Natalicía Tracy
Natalicía, the executive director of the Brazilian Immigrant Center and the coordinator of the Massachusetts Domestic Workers Congress, is a tireless advocate for immigrant women and low-wage workers. Natalicía has overcome tremendous personal challenges as a first-generation immigrant and now dedicates her life to empowering other immigrant woman and mothers.
At the age of 19, Natalicía came to the United States from a rural part of Brazil, with no ability to speak English and no more than an eighth grade education, to work as a domestic for a family of two doctors. Their promise of opportunity and income met a grinding reality when Natalicía was paid $25 for over 70 hours of work a week, not allowed access to the telephone or mail and made to sleep in a three-season porch, even in the winter.
Drawing strength from her own story, Natalicía is an extremely organized advocate and a resilient, strategic thinker.

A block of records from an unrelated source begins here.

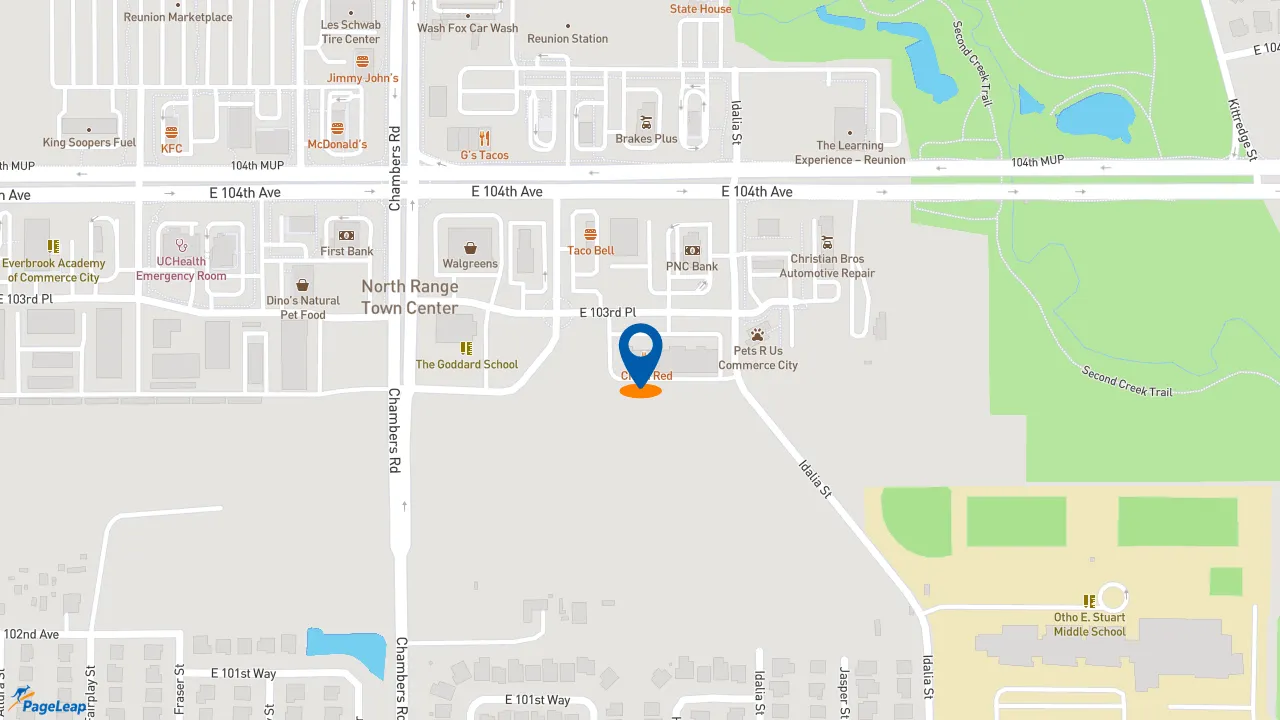 https://pageleap.com map showing location of Pizza Hut in Commerce City.
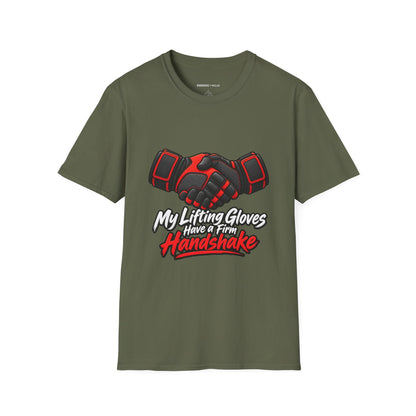 Graphic fitness T-shirt featuring the "My Lifting Gloves Have a Firm Handshake" design.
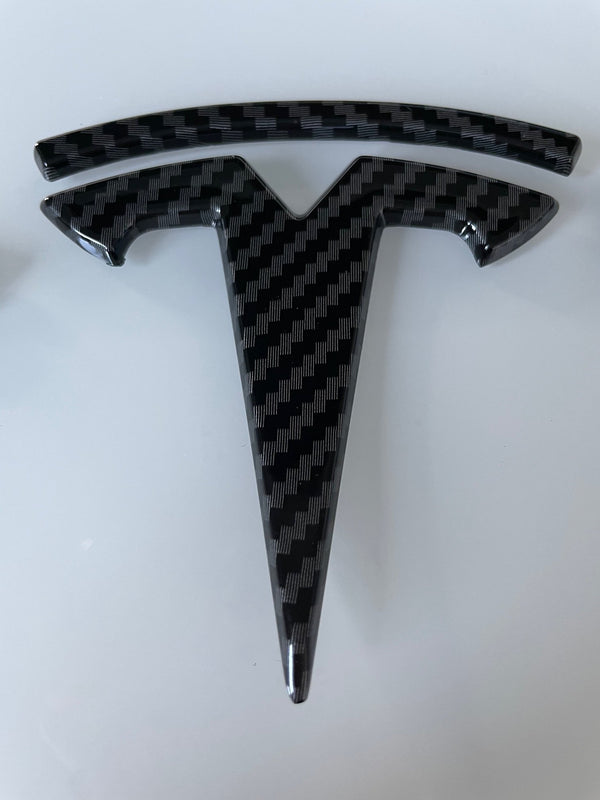T-Logo sett for front, bak og ratt for Model Y - caps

Natalicía has worked as a powerful coalition-builder across racial lines and has effectively united labor and faith leaders to support the Massachusetts statewide immigrant rights and domestic workers movement. Natalicía’s leadership is remarkable on many levels, particularly the way in which she uses her abilities to empower other women, making space for them to rise with confidence and for their leadership to emerge.
As the director of Boston’s Brazilian Immigrant Center which serves 3,000 Latino immigrants annually around issues of labor, immigration, housing, consumer, civil and human rights—providing direct relief services as well as training and advocacy for the rights of the community through policy and research—Natalicía has helped spearhead projects like a pro bono legal mediation clinic and legal manual, both of which aim to improve domestic workers’ outcomes and relationships with their employers and are having a distinctly transformative effect. All the while, Natalicía is in the process of completing her doctorate in sociology at Boston University on the impact of immigration policy on mixed-status families.